O papel dos pais no contexto esportivo é um assunto que necessita ser estudado e discutido, por outro lado, também é extremamente delicado, visto que aborda aspectos que vão além da competência do técnico/professor, pois tratam da relação entre pessoas e um aspecto estrutural e histórico, muitas vezes de autoridade e falta de respeito. Por isso, o principal é entendermos que os nossos alunos/atletas são as crianças e é com elas que devemos ter um olhar atento. As relações entre pais (ou responsáveis legais) e filhos não é algo que deva ser discutido, mas sim os aspectos do comportamento psicológico dos jovens que praticam esporte/exercício físico.
O fato de crianças e adolescentes praticarem exercício afeta o desenvolvimento psicossocial deles? O comportamento psicológico relaciona-se com a construção do caráter? A especialização precoce pode levar a burnout ou perda de desenvolvimento de potencialidades físicas futuras, ou o fato de treinar precocemente um exercício desenvolve um talento?

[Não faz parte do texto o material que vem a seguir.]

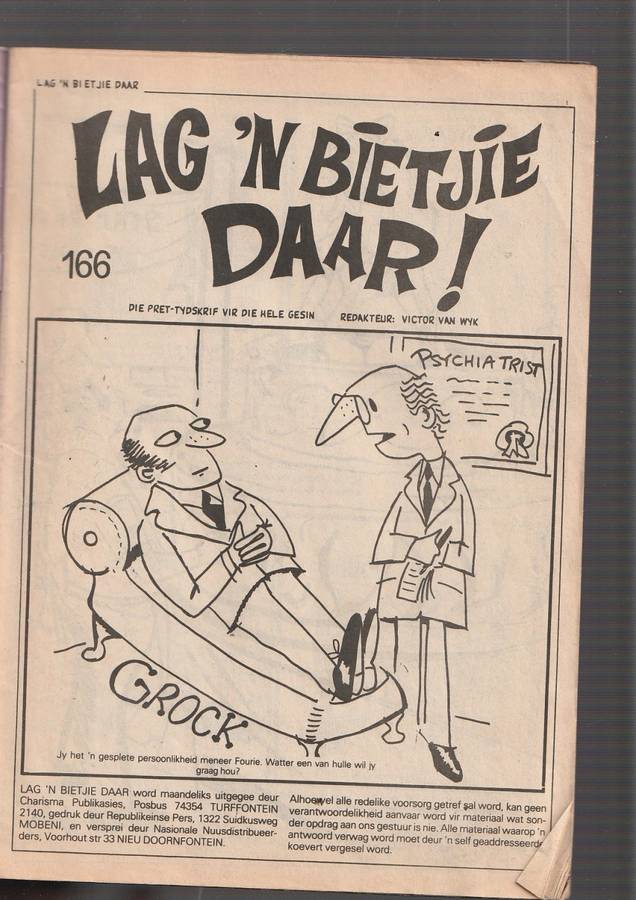 Lag n bietjie daar 156 - Humor - strokies - meisies met sterretjies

Compreender as relações comportamentais do público infanto-juvenil no esporte certamente auxiliará na relação com os pais e o desenvolvimento desse aluno na prática. Certamente, o esporte tem consequências significativas para os praticantes e o círculo social em um momento precioso do desenvolvimento infantil e crescimento pessoal. No que refere-se à construção da autoestima e desenvolvimento social, as crianças acima de 7 anos são muito influenciadas pelo meio e condução das situações e, nesse sentido, a psicologia esportiva contribui de forma significativa, pois essas experiências esportivas certamente terão efeitos para toda a vida, sobretudo na personalidade. Portanto, é fundamental a atenção aos aspectos que permeiam nossa profissão e formas de manejo na relação com os responsáveis. Vamos juntos desvendar os mistérios e nos instrumentalizar para o auxílio desse desenvolvimento psicológico!
Embora a psicologia esportiva tenha muita referência para o alto rendimento e atletas, os jovens compõem a maior parte da população de praticantes esportivos e, por conta disso, os estudos para esse público são crescentes desde a década de 70 (WEINBERG, GOULD, 2017).

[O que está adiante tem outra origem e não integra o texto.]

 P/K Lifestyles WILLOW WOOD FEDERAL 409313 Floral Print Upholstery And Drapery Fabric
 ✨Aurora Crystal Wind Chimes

Segundo Duffet e Johnson (2004), a participação esportiva de jovens representa 66% de todas atividades extraescolares. Na grande maioria, são específicas, sendo em média 11 horas semanais, chegando no seu auge por volta dos 12 anos. A participação esportiva é uma das poucas atividades na vida de um jovem que tem consequências para ele, seus amigos, familiares e comunidade (LARSON, 2000). O período infantil dos 7 aos 11 anos é crítico no desenvolvimento psicológico, com consequências na autoestima e questões sociais, sendo a experiência esportiva importante para o desenvolvimento da personalidade, psicológico e por toda a vida da criança. Muitas vezes pais (ou responsáveis) que optam por inserir na prática esportiva, listam como aspectos altamente importantes os valores pessoais e sociais quando questionados sobre expectativas em relação aos seus filhos (WEINBERG, GOULD, 2017).

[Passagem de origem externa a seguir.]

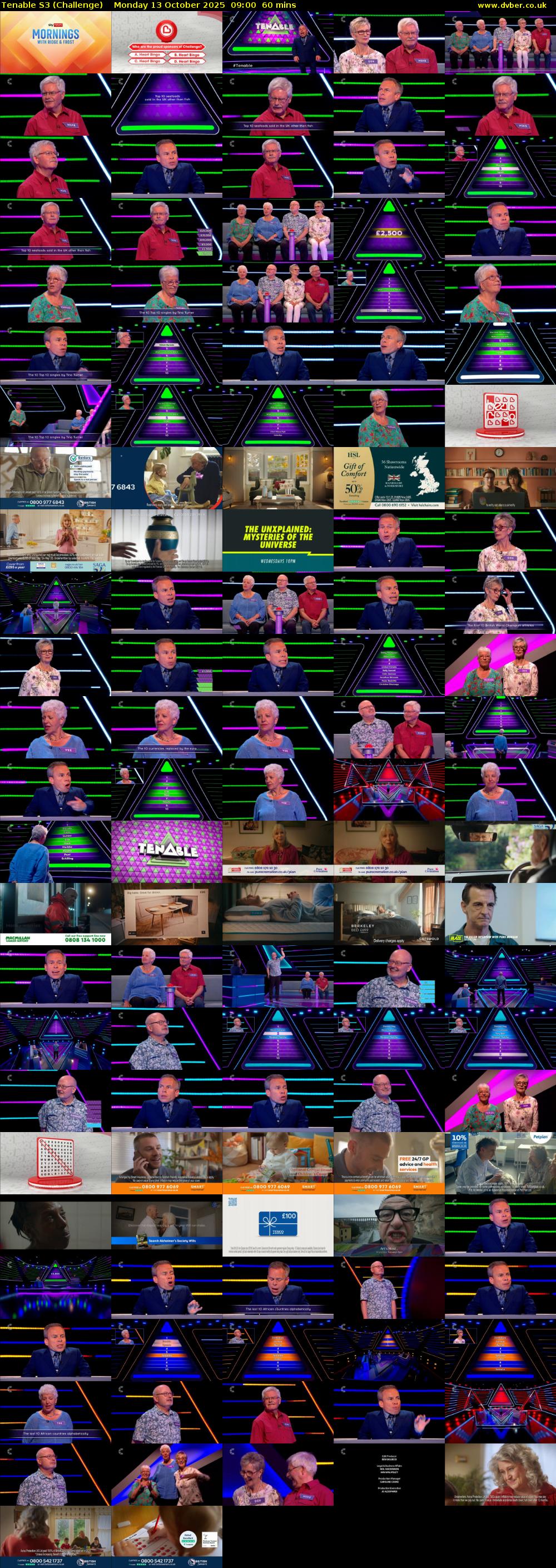 Tenable S3 (Challenge) Monday 13 October 2025 09:00 - 10:00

As razões pelas quais as crianças optam por participar ou não de esportes passam pela motivação e aspectos relevantes no abandono do esporte. Em uma pesquisa realizada nos Estados Unidos, os motivos para a prática em sua grande maioria era “diversão”, mas também incluíam razões como melhorar sua habilidade, exercitar-se, estética (ficar em forma) e sociabilização (estar com os amigos e fazer novos amigos). Algumas pesquisas (SIRARD, PFEIFFER, PATE, 2006; YAN, MCCULLAGH, 2004) trouxeram diferenças entre os sexos, com características para competitividade nos meninos e oportunidades sociais nas meninas.
No que tange os aspectos para o abandono do esporte, o que os estudos mostram é que a desistência tem uma média de início aos 18 anos, além de cerca de 35% dos jovens desistirem em qualquer idade, sendo então que de 10 crianças, 3 ou 4 irão desistir no decorrer daquele ano (WEINBERG, GOULD, 2017). Algumas pesquisas (GOULD et al, 1982; ROTTENSTEINER et al, 2013) apontam que os principais motivos de desistência são “mudança de interesse” e “ter outras coisas para fazer”, além disso temos o interesse por outras práticas, não gostar do ambiente (técnico/professor, aulas) e treinos muito exigentes, sendo que 28% citaram fatores negativos como pressão excessiva das aulas. As crianças com baixa percepção da sua competência esportiva optam por não participar dos esportes ou desistem/abandonam eles, já as crianças com percepções elevadas participam e persistem, as razões de participação e desistência podem ser visualizadas na figura abaixo.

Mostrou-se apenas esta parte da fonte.